I can only hope Dominic Tierney’s book, The Right Way to Lose a War, is more persuasive and useful than his latest missive for The Atlantic. Published last week, Tierney’s 2,400 words, cribbing quotes from the usual political suspects, advanced a largely unenlightened and pulseless addition to current debates on America’s military machine.
His thesis, that America continues to lose wars because it is a “superpower in a more peaceful world,” offers little in the way of remarkable thinking. Not only because his assertions are staid, but also because they are not particularly original. Even the low-appetite consumer of political news will recognize the arguments below:
1) Modern warfare has shifted from interstate to intra-state conflicts.
2) Intra-state conflicts (i.e. civil wars, etc…) are messier, and waged in territories where Americans seed the “home-field advantage.”*
3) Overlapping American security commitments ensure each individual contest is a “limited war” for America, while it is a “total war” for those fighting America.
4) Americans don’t have doggedness to see out campaigns where the “prize on offer is less valuable” and where the consequences are less threatening than previous “trials of national survival like the (U.S) Civil War and World War II.”
In addition, Tierney’s “essay” is gummed up with over-used political euphemism. Terms like “collateral damage” and “hearts and minds,” ought now be banished from any political writing which aspires to be intrepid. To use these line-items, so bled of meaning, betrays reality and makes cogent analysis impossible. Tierney deploys them both in the same sentence.

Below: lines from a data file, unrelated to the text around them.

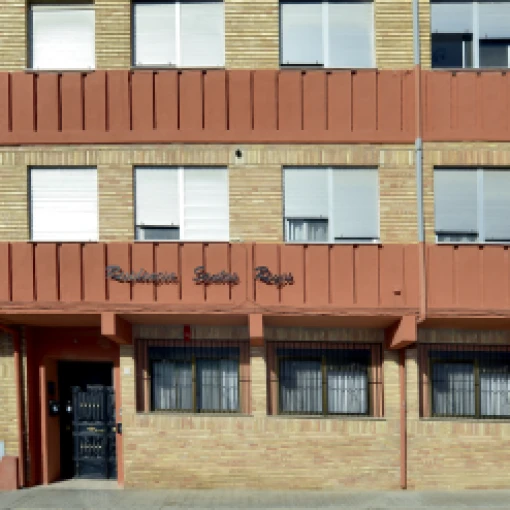 residencia_santos_reyes_de_benisano_valencia_benisano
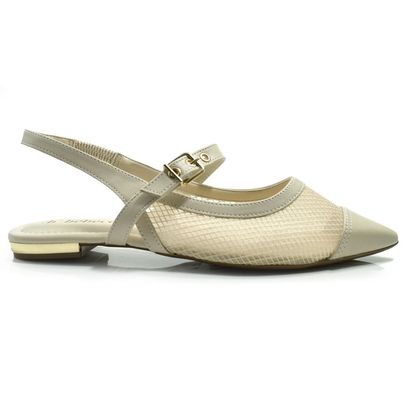sapatilha-slingback-bebece-creme-t2019-075-3--jpg
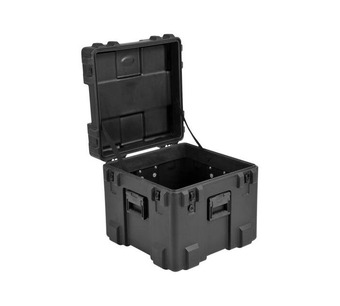 3R2222-20B-E Image.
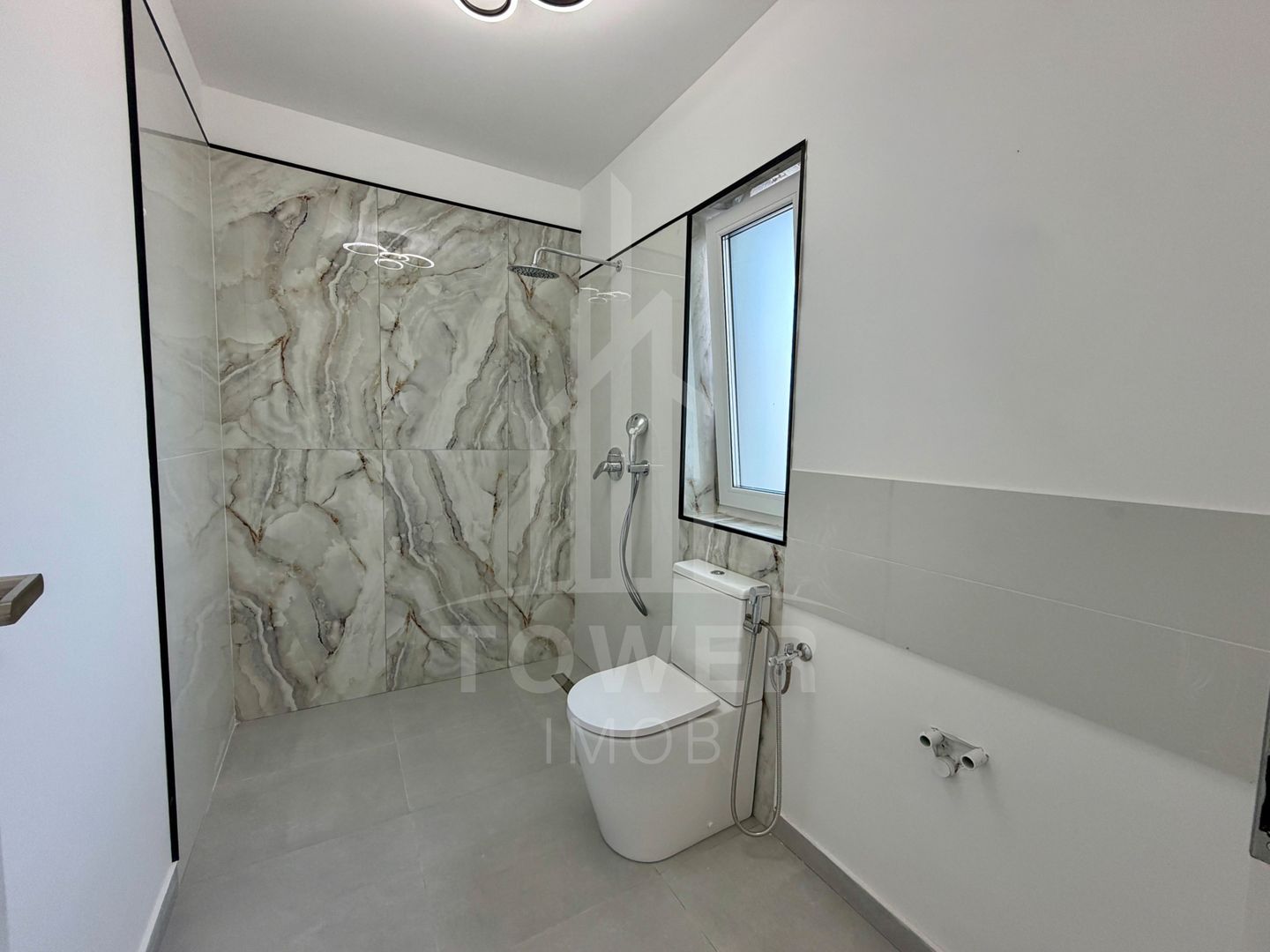 Casa moderna Premium-Daia Noua - Poză 16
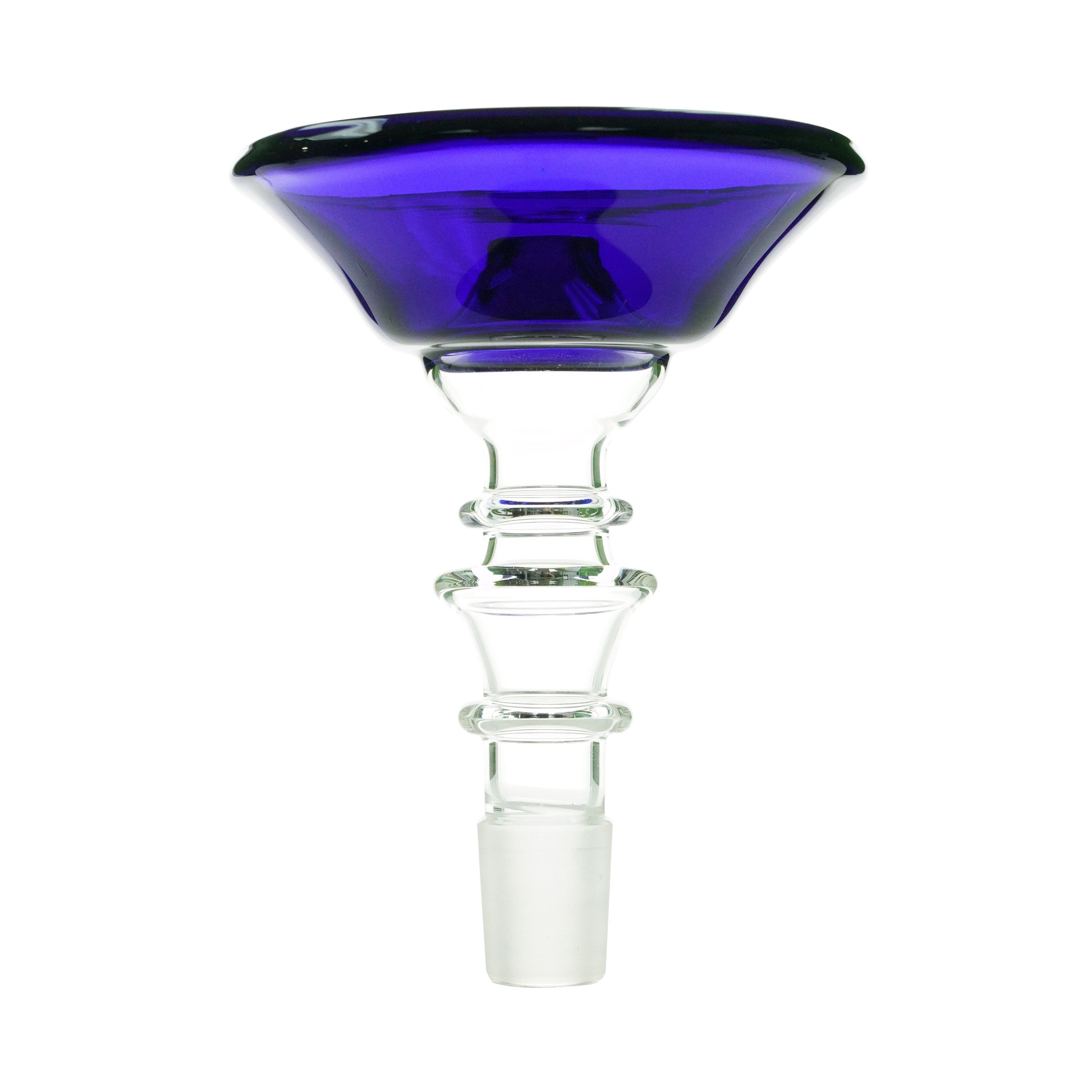 Lavoo Funnel Bowl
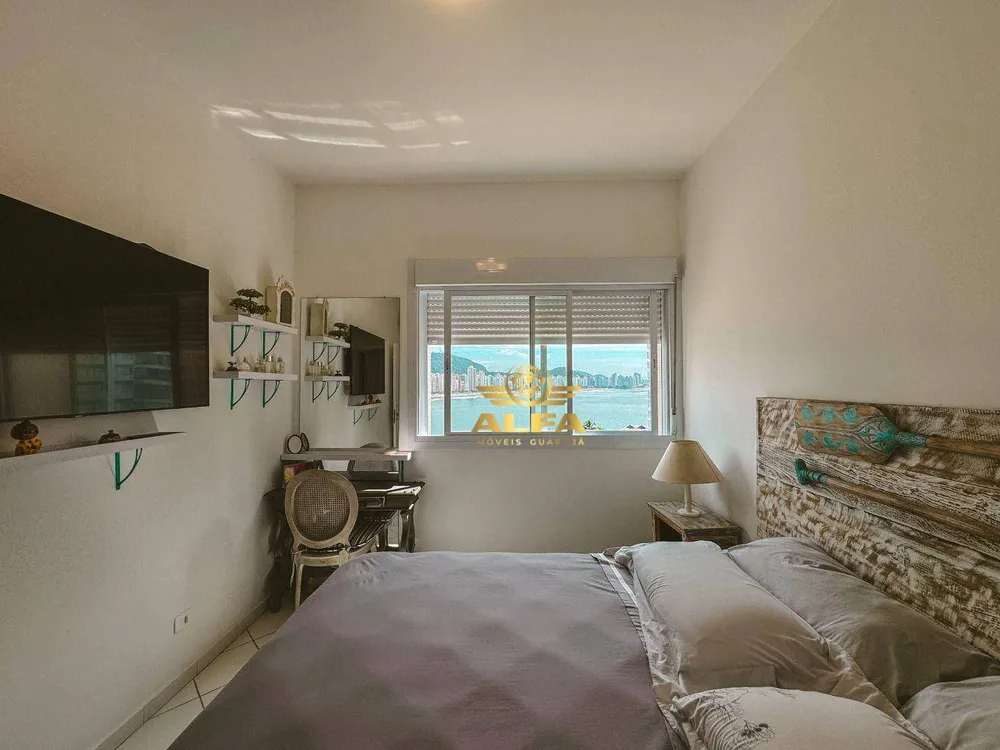 Apartamento, 3 quartos, 100 m² - Foto 8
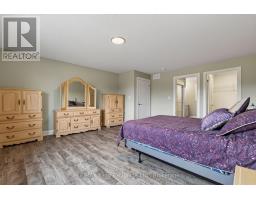 Unit 2 - 8 Golf Links Road, Kincardine, ON N2Z0G1 Photo 22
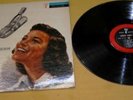 LUCKY LUCY ANN POLK MODE LP MOD 115 JAZZ DG MONO VOCAL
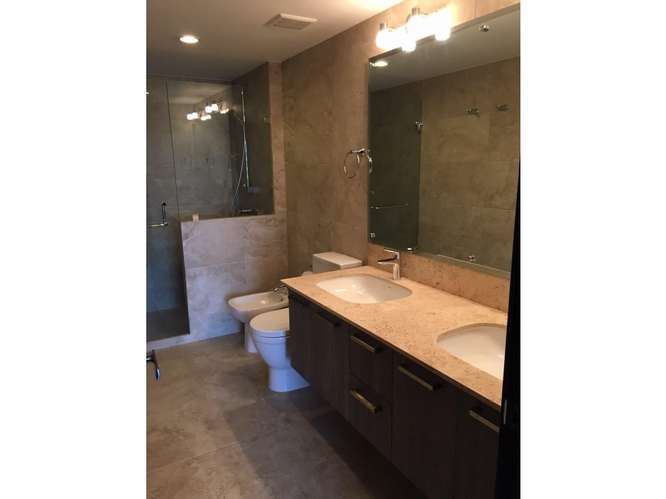  APARTAMENTO AMUEBLADO EN RENTA – 1 HAB , SANTA SOFÍA | ZONA 10 - Imagen 10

But this clumsy writing allows Tierney to glue together his battalion of straw men, as they wait to be mowed down by a series of banal circularities (“Once the United States was drawn into the quagmire, it couldn’t get out”) or overwrought assertions that gesture towards substance without isolating it (“Armed conflict is an expression of American identity and a trial of national vitality.”) These constructions might appear profound, but offer little to dwell upon. What I want to know is just why such quagmires present, whether there is sound justification for engaging in complex conflicts in the first place, and why —given the abysmal modern history Tierney sketches— armed conflict remains some measure of American “national vitality”? Maybe they are in his book. Maybe not.

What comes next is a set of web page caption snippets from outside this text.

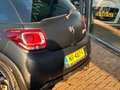 DS Automobiles DS 3 1.6 THP Performance Black Special NAV|CAM|Cruise|N Schwarz - thumbnail 7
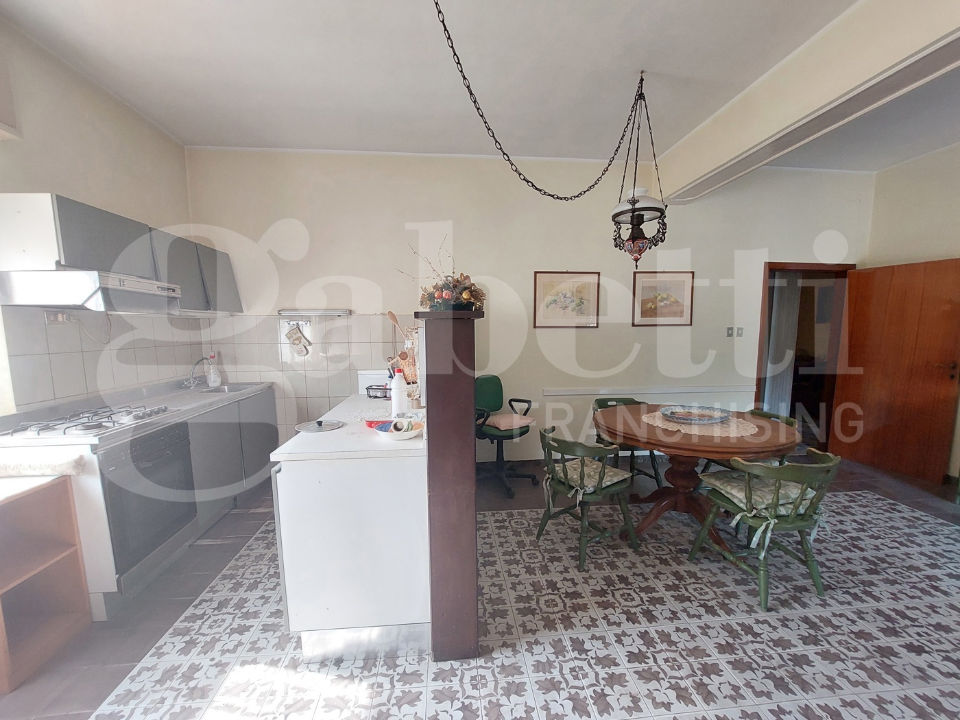 Casa Indipendente - Image 26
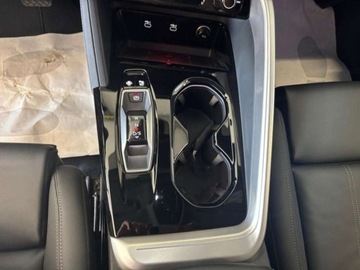 Audi Q5 II SUV Facelifting 2.0 40 TDI 204KM 2025 AUDI Q5 TDI quattro S line Suv 2.0 (204KM) 2025, zdjęcie 12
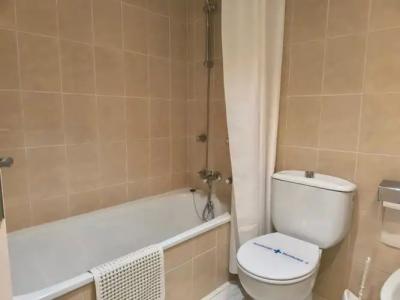 & Spa La Terrassa - 30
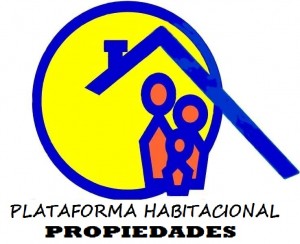 PLATAFORMA HABITACIONAL Anuncios gratis en La Granja |  NECESITA CREDITO HIPOTECARIO  O UN LEASING HABITACIONAL, 100% APROBACION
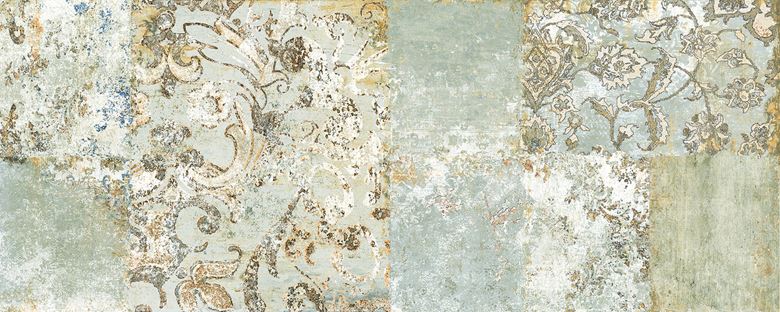 NAXOS TIMELESS dekor 32x80,5 cm, mat, kilim 124620 Obrázek - Hlavní obrázek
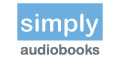 simplyaudiobooks.com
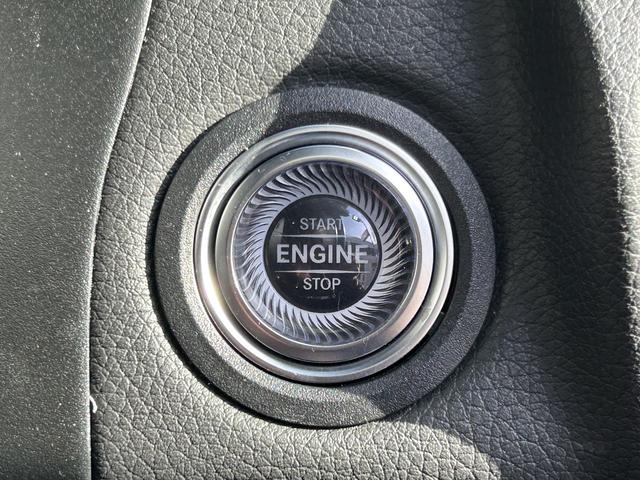 GLC GLC43 4MATIC クーペ AMGレザーエクスクルーシブパッケージ Bluetooth接続 ETC LEDヘッドライト TV アイドリングストップ クルーズコントロール コネクテッド機能 サイドカメラ サンルーフ・ガラスルーフ(67枚目)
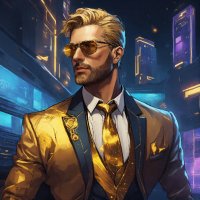 Le Charles (@ortugan) 's Twitter Profile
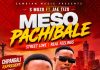 S Muzo ft J Tizo-Menso Pa Chibale(prod by yangailo)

One can almost picture him offering platitudes to undergraduates at Swarthmore as he scribbles dates and quotes on the whiteboard, asking “Can America return to victory?” But one yearns for the best-read, historically-sensitive and most-curious in his class to raise their hand. “By whose measure, and for what cause, should the United States return to victory?” they might ask.
America’s poor record in conflicts since WWII shouldn’t only prompt queries of American war-fighting mechanics (or strategy, for that matter), it should inspire meaningful debates about the principles —those bowling alley bumpers— that might guide reasons for war itself.
Where and when the United States decides to enter a conflict, there ought to be a considered and compelling justification. But that justification cannot and should not be pegged to whether America is likely to prevail. The question should be whether America (and the many other states of this world) can afford not to try.
As Tierney rightly points out, “[g]lobal warfare is mainly relegated to a few dozen failed or failing states that are breeding grounds for warlords, insurgents, and criminals.” But his globe appears to have only one superpower and a blank slate. Lost in the space between these sentences are these “few dozen” countries, home to a remarkable number of potential political “collateral damage.” And if America is ill-equipped to wage these wars, should the political leadership abandon the project entirely? I’m not sure what Tierney thinks, but I do know what he wrote: “It’s time to reckon with the hard truths of conflict.”
I just wish he had tried.
*Given that the US has never been “home” to a major international war (save the attack on Pearl Harbor, which —at best— was an instigation and not permanent location of hostilities), there is no use speaking of “home-field advantage.” If Tierney is trying to suggest that this home-field advantage is gained by improving American service people’s knowledge of the “theatre of battle” then I would agree. But that isn’t an original contribution either.